**TASK GOAL**
Within the entries below, find the portion that opens with the line containing "MyrexMCPE userbar 350x20" and closes with the line containing "Estuche de cuero". Retype that portion exactly and only.

**EXERCISE MATERIAL**
⁂

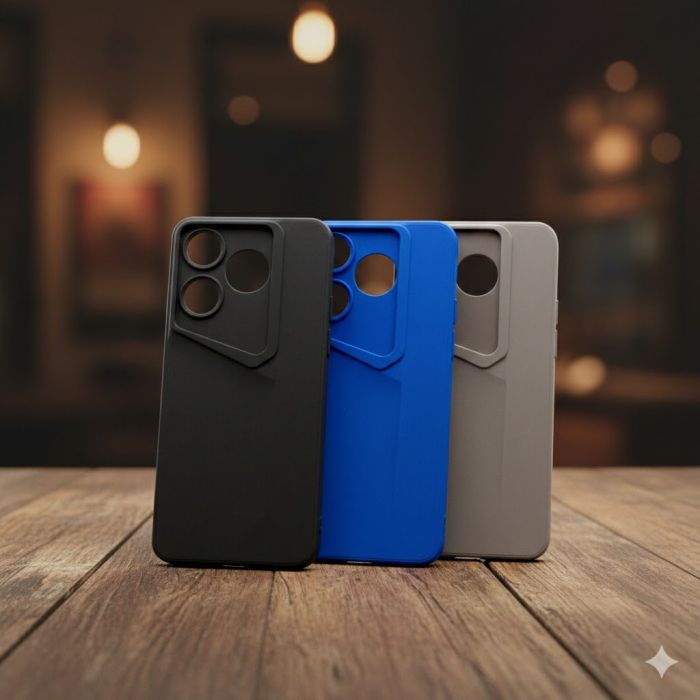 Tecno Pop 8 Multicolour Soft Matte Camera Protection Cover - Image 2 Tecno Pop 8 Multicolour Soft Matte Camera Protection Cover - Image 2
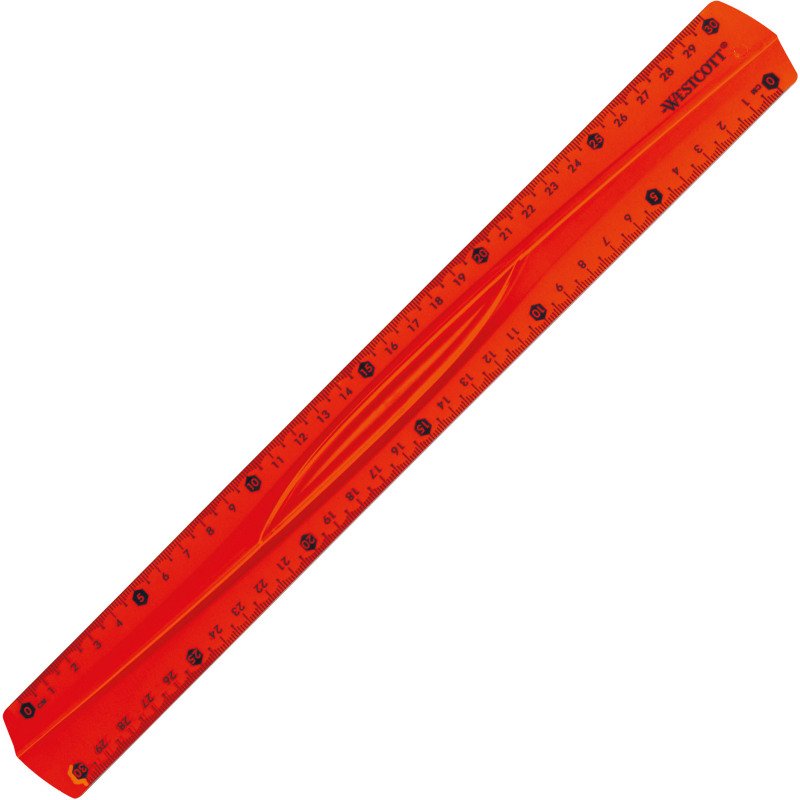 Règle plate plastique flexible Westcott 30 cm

⁂

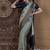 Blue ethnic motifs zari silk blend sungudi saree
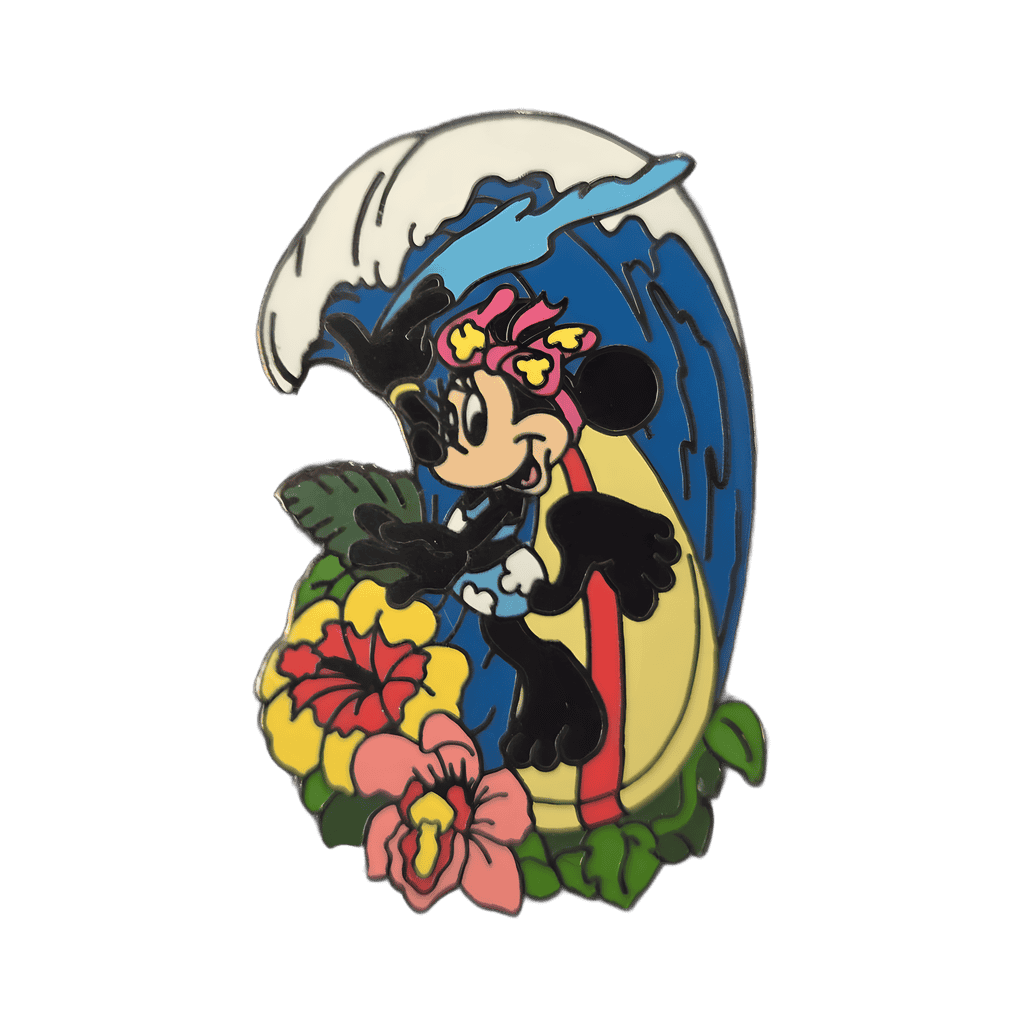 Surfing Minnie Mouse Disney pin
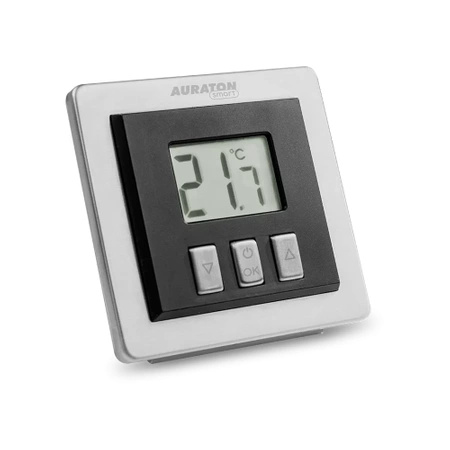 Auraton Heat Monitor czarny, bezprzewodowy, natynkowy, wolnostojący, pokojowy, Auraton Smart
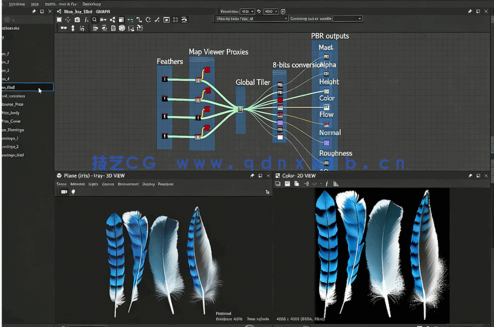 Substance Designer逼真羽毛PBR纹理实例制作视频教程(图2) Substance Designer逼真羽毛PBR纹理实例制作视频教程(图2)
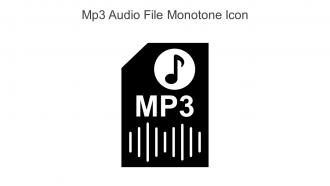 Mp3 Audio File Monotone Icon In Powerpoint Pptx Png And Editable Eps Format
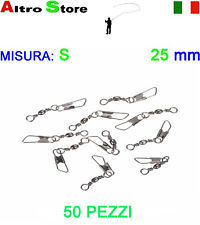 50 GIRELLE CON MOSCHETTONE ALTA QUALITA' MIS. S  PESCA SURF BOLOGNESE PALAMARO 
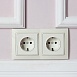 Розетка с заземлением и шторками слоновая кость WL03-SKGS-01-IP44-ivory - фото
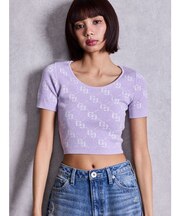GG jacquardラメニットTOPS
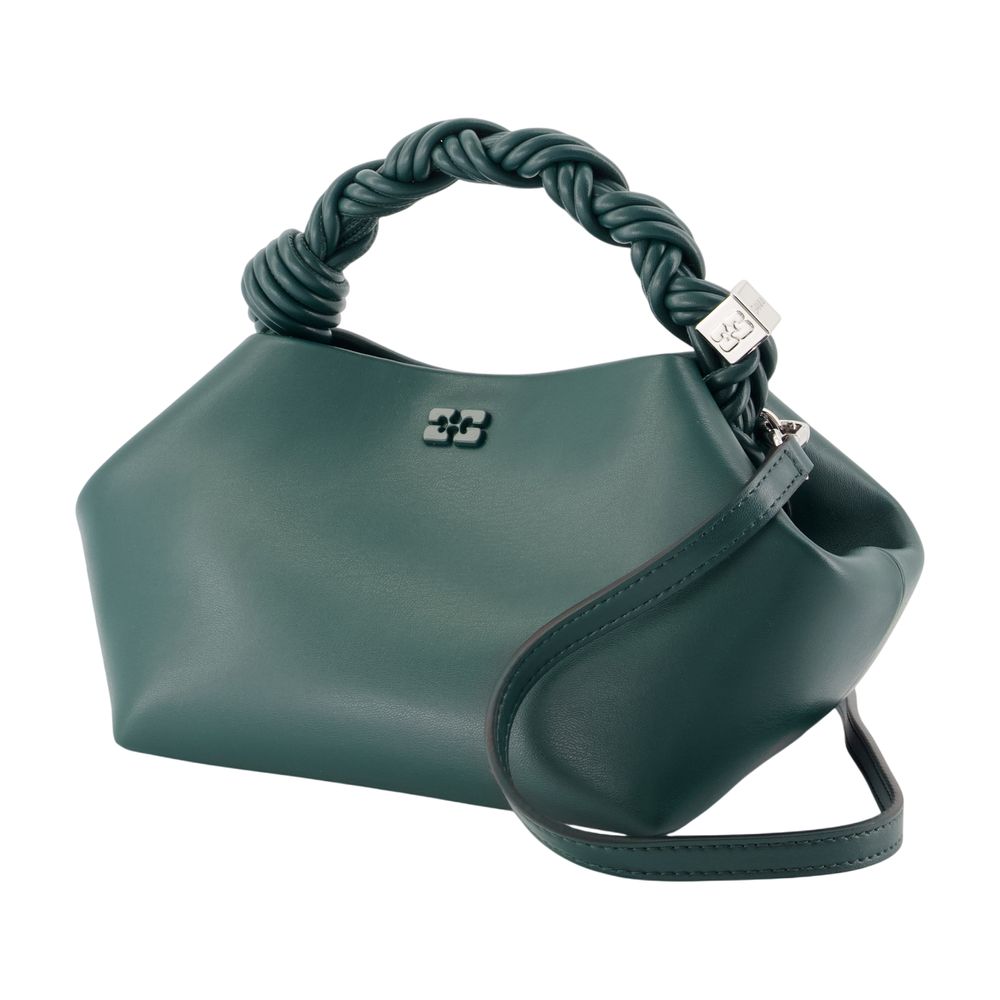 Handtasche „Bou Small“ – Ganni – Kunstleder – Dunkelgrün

⁂

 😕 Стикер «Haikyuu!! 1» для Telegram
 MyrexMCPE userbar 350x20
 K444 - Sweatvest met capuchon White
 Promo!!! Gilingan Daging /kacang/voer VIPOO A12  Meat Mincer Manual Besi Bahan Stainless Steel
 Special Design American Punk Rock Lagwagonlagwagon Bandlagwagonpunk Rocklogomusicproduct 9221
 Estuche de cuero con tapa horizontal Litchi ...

⁂

**ANSWER TO THIS EXERCISE**
 MyrexMCPE userbar 350x20
 K444 - Sweatvest met capuchon White
 Promo!!! Gilingan Daging /kacang/voer VIPOO A12  Meat Mincer Manual Besi Bahan Stainless Steel
 Special Design American Punk Rock Lagwagonlagwagon Bandlagwagonpunk Rocklogomusicproduct 9221
 Estuche de cuero con tapa horizontal Litchi ...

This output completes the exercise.